# [What this task involves]
Repeat verbatim, and only, the lines of the data below, beginning at the line that contains "Black & White" and stopping after the line that contains "Bright Red Banarasi".

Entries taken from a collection
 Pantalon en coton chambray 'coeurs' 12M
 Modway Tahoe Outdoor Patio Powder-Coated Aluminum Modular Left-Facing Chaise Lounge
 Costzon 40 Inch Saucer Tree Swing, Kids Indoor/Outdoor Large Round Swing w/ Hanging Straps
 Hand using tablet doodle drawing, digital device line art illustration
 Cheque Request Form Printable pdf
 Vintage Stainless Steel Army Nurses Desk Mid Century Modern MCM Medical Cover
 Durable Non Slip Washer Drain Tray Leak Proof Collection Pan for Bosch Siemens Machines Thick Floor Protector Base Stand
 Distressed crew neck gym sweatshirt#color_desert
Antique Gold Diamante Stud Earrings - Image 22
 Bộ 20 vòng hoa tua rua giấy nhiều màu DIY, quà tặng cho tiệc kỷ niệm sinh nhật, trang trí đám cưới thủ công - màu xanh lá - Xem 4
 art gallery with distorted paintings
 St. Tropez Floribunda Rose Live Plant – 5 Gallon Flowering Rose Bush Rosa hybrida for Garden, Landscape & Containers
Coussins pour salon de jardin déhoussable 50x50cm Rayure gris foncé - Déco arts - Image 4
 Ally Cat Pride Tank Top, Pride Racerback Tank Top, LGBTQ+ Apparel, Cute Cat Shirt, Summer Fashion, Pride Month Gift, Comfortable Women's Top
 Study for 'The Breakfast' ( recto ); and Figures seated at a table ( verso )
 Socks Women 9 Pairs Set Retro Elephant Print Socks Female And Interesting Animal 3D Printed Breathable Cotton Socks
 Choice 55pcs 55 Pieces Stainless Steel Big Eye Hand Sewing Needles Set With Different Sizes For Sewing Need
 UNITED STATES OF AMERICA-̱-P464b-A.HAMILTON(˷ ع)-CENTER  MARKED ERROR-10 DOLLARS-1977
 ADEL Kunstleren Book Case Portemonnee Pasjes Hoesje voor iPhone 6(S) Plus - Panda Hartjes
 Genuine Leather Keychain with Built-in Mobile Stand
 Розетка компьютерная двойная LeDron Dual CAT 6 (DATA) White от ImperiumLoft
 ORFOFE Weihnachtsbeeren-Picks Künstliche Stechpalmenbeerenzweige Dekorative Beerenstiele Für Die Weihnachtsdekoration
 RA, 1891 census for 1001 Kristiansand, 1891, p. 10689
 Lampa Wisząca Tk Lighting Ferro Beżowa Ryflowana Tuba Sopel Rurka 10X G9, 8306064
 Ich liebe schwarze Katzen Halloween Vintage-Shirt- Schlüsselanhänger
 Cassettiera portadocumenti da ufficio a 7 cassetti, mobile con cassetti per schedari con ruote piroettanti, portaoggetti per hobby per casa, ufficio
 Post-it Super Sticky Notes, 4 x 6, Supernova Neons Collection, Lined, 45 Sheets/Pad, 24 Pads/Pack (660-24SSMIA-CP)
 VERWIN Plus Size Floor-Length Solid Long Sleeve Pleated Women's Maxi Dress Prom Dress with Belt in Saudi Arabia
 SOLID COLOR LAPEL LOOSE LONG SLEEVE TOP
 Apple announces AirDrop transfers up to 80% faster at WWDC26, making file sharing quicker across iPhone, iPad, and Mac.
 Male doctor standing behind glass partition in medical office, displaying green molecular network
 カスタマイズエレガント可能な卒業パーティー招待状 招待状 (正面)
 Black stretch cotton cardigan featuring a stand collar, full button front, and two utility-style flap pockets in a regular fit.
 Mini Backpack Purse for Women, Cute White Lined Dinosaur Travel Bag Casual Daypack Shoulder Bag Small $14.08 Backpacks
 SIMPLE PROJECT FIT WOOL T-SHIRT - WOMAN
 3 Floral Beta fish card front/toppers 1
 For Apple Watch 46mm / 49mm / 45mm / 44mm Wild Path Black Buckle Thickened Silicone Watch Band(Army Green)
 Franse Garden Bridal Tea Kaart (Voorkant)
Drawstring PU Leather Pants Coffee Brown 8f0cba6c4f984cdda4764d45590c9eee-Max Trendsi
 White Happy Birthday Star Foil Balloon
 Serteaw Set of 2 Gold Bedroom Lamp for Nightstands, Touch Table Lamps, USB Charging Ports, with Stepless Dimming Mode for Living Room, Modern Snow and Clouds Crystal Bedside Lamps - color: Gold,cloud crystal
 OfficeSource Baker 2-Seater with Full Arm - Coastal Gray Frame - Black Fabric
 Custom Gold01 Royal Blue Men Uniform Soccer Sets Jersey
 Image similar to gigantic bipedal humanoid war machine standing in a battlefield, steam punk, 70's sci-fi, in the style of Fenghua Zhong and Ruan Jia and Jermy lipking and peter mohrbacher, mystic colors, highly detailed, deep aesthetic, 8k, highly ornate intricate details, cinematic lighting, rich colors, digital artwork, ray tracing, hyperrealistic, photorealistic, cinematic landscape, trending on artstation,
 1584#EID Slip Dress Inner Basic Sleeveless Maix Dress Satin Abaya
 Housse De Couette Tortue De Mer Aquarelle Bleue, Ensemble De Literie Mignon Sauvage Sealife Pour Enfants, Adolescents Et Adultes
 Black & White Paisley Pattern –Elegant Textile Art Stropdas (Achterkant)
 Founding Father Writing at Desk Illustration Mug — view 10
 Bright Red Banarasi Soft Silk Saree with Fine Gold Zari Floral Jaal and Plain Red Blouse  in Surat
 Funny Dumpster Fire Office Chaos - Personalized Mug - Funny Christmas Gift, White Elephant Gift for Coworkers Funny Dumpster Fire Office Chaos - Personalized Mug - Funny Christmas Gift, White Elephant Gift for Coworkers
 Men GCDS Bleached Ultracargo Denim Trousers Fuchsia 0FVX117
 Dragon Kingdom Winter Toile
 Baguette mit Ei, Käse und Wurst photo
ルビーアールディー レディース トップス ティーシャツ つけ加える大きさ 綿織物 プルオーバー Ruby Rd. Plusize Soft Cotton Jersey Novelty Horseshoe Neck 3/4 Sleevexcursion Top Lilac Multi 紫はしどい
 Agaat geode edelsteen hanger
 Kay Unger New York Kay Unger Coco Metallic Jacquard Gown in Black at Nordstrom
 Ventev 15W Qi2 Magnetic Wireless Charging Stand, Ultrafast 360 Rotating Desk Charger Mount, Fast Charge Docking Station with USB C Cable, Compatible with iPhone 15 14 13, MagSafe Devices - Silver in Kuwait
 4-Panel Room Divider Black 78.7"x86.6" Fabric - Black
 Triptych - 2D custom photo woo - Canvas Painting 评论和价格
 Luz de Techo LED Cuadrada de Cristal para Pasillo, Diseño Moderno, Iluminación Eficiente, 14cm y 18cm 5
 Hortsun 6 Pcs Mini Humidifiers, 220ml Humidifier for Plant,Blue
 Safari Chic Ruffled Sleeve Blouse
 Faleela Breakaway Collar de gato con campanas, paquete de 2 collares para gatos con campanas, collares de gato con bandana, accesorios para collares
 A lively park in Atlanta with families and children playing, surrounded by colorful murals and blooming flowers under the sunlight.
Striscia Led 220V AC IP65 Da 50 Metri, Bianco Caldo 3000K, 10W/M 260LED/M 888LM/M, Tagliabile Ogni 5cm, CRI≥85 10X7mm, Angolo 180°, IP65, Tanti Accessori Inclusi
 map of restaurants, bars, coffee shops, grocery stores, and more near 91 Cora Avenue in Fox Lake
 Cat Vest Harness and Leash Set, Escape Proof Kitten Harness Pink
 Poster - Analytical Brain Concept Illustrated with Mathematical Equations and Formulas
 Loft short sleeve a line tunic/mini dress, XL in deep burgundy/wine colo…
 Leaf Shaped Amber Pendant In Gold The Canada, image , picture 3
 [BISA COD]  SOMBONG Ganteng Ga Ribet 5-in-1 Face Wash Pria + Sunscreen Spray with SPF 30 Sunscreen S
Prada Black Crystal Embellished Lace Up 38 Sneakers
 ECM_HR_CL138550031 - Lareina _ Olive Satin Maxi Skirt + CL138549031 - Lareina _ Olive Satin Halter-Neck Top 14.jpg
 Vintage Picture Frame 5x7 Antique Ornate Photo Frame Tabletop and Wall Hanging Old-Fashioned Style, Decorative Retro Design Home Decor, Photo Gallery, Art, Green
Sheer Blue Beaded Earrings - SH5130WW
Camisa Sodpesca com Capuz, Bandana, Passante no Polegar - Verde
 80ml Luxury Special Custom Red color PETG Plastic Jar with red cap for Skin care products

# [Task response]
 Black & White Paisley Pattern –Elegant Textile Art Stropdas (Achterkant)
 Founding Father Writing at Desk Illustration Mug — view 10
 Bright Red Banarasi Soft Silk Saree with Fine Gold Zari Floral Jaal and Plain Red Blouse  in Surat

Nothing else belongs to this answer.